Setting up Keyword Search in your therix Agent

Step 1: Add PDF Data Source

First, you need to add the PDF documents that you want to analyze. Use the add method of the Agent object to add a PDFDataSource. Provide a list of file paths as the files parameter.

Example:

agent.add(PDFDataSource(config={'files': ['./test-data/rat.pdf']}))

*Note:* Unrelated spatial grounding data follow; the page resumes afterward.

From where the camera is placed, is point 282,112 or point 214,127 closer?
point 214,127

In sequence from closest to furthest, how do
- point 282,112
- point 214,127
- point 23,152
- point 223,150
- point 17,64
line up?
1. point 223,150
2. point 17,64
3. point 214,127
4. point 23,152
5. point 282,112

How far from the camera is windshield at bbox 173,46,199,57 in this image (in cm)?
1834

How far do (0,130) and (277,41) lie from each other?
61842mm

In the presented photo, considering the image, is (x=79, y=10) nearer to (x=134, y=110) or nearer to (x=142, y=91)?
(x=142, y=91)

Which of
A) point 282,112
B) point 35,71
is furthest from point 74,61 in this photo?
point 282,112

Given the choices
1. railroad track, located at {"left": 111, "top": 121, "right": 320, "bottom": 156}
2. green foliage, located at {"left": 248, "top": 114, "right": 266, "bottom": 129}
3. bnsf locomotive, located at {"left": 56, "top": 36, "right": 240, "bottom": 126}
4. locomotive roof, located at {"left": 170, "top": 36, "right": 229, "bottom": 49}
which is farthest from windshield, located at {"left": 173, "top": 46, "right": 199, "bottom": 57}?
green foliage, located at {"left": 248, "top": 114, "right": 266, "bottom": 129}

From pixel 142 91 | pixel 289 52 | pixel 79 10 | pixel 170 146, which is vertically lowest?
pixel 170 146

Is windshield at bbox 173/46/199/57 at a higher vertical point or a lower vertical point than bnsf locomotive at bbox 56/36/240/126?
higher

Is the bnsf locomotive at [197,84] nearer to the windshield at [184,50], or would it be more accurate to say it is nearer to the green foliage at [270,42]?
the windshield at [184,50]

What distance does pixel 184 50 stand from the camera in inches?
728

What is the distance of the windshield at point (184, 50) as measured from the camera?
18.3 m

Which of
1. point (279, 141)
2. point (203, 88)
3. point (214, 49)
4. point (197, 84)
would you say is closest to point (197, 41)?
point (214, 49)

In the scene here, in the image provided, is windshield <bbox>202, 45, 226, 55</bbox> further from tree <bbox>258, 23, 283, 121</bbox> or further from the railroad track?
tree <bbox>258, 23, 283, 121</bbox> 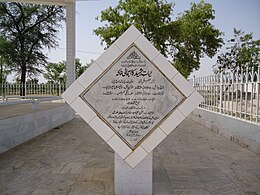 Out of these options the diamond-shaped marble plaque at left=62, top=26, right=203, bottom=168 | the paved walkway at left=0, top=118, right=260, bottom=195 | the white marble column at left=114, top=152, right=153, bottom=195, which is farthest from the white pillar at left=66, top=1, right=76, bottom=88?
the white marble column at left=114, top=152, right=153, bottom=195

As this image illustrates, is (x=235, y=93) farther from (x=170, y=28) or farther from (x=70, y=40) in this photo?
(x=170, y=28)

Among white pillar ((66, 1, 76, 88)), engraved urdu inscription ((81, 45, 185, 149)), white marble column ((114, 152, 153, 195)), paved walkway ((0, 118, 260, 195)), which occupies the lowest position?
paved walkway ((0, 118, 260, 195))

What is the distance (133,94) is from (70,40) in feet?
26.8

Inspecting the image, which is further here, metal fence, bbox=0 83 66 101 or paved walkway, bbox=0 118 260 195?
metal fence, bbox=0 83 66 101

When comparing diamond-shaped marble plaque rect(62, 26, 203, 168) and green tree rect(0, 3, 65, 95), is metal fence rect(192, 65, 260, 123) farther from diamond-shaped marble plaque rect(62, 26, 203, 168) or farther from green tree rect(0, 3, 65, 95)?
green tree rect(0, 3, 65, 95)

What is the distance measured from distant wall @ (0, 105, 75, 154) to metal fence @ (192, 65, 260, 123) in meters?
5.16

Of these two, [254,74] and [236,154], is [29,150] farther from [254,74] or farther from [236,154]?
[254,74]

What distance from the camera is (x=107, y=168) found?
415cm

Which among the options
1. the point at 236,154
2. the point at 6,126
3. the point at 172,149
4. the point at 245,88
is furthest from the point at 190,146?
the point at 6,126

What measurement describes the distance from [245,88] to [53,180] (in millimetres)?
4613

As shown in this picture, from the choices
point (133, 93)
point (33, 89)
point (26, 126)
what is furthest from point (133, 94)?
point (33, 89)

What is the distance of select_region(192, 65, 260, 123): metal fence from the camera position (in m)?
5.54

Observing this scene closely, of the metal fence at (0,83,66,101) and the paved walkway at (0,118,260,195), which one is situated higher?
the metal fence at (0,83,66,101)

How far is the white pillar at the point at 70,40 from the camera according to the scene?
1028cm
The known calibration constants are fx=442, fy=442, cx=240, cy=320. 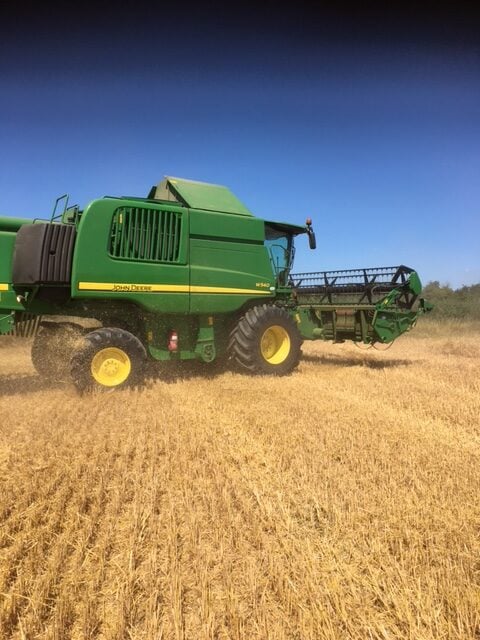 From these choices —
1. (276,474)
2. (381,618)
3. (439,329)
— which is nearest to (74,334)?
(276,474)

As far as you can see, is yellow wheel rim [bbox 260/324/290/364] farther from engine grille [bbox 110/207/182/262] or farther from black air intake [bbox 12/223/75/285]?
black air intake [bbox 12/223/75/285]

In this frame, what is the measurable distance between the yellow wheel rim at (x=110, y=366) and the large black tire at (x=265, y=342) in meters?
1.90

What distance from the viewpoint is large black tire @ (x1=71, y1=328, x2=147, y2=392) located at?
538cm

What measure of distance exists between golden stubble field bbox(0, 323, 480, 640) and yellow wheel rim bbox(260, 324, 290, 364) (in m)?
2.46

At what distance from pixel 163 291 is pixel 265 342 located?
81.0 inches

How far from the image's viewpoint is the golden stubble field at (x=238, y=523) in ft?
5.51

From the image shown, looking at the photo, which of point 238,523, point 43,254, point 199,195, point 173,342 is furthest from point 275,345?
point 238,523

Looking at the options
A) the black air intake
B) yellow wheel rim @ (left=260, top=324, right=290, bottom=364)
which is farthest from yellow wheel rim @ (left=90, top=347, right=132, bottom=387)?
yellow wheel rim @ (left=260, top=324, right=290, bottom=364)

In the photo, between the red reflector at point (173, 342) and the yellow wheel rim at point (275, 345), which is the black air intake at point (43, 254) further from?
the yellow wheel rim at point (275, 345)

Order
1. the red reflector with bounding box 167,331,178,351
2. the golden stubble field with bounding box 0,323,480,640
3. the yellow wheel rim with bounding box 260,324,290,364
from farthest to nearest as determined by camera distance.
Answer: the yellow wheel rim with bounding box 260,324,290,364, the red reflector with bounding box 167,331,178,351, the golden stubble field with bounding box 0,323,480,640

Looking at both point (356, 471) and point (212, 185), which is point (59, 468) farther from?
point (212, 185)

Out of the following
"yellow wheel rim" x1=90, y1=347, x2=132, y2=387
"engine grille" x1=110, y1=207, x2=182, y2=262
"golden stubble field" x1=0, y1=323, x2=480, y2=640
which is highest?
"engine grille" x1=110, y1=207, x2=182, y2=262

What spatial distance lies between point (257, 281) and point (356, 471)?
444 centimetres

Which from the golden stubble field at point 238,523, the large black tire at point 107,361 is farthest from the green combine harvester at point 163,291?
the golden stubble field at point 238,523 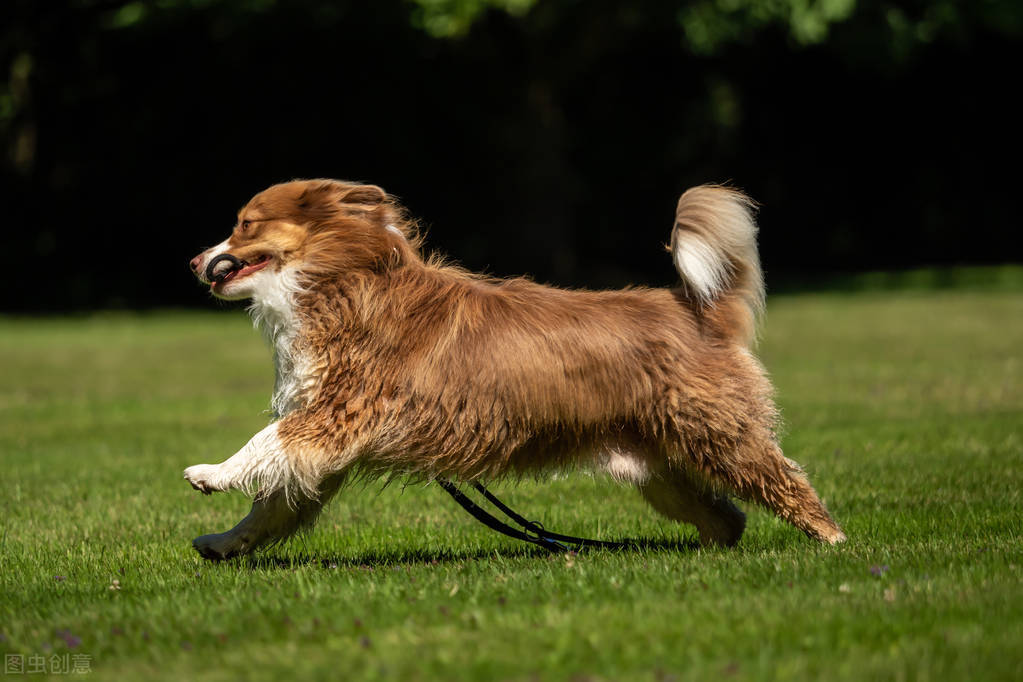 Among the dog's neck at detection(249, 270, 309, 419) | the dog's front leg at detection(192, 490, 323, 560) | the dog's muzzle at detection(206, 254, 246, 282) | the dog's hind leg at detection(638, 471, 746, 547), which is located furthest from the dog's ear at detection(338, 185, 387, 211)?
the dog's hind leg at detection(638, 471, 746, 547)

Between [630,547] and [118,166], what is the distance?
23843mm

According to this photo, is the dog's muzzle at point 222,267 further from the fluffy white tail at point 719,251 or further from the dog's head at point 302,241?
the fluffy white tail at point 719,251

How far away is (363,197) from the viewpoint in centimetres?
564

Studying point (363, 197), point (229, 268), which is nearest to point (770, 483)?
point (363, 197)

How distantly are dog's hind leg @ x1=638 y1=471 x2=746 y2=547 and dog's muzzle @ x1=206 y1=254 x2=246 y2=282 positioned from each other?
2170mm

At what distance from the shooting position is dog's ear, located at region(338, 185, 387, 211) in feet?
18.3

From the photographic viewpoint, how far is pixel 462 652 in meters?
3.80

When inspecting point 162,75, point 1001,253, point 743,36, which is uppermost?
point 743,36

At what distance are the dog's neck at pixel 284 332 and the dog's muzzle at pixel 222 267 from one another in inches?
6.3

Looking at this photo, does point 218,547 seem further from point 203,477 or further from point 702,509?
Answer: point 702,509

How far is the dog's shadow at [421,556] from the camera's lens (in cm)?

Step 2: Add Embedding Model and Inference Model

Next, add an embedding model to convert text into numerical vectors for analysis. In the example, an Azure OpenAI Embedding 3 Large Embedding Model is added. Additionally, include an inference model to send the necessary data to the Language Model and obtain the desired output.

Example:

 .add(AzureOpenAIEmbedding3SmallEmbeddingModel(config={'azure_api_key':'',
'azure_endpoint':'',
'openai_api_version':'',
'azure_deployment':'',
})
.add(AzureOpenAIGPT4InferenceModel(config={'azure_api_key':'',
'openai_api_version':'',
'azure_endpoint':'',
'azure_deployment':'',
'temperature':''}))

Step 3: Define Output Parser

An output parser is needed to structure the output based on requirements. In the example, a PydanticOutputParser is used.

Example:

from therix.core.output_parser import OutputParserWrapper

Output Parser Definition

The OutputParserJSON class is defined as a Pydantic model to structure the output in JSON format. It includes a list of test details containing the name and description of each test.

Example:

class TestDetails(BaseModel):
name: str = Field(description="Name of the Test")
description: str = Field(description="Short description of the Test")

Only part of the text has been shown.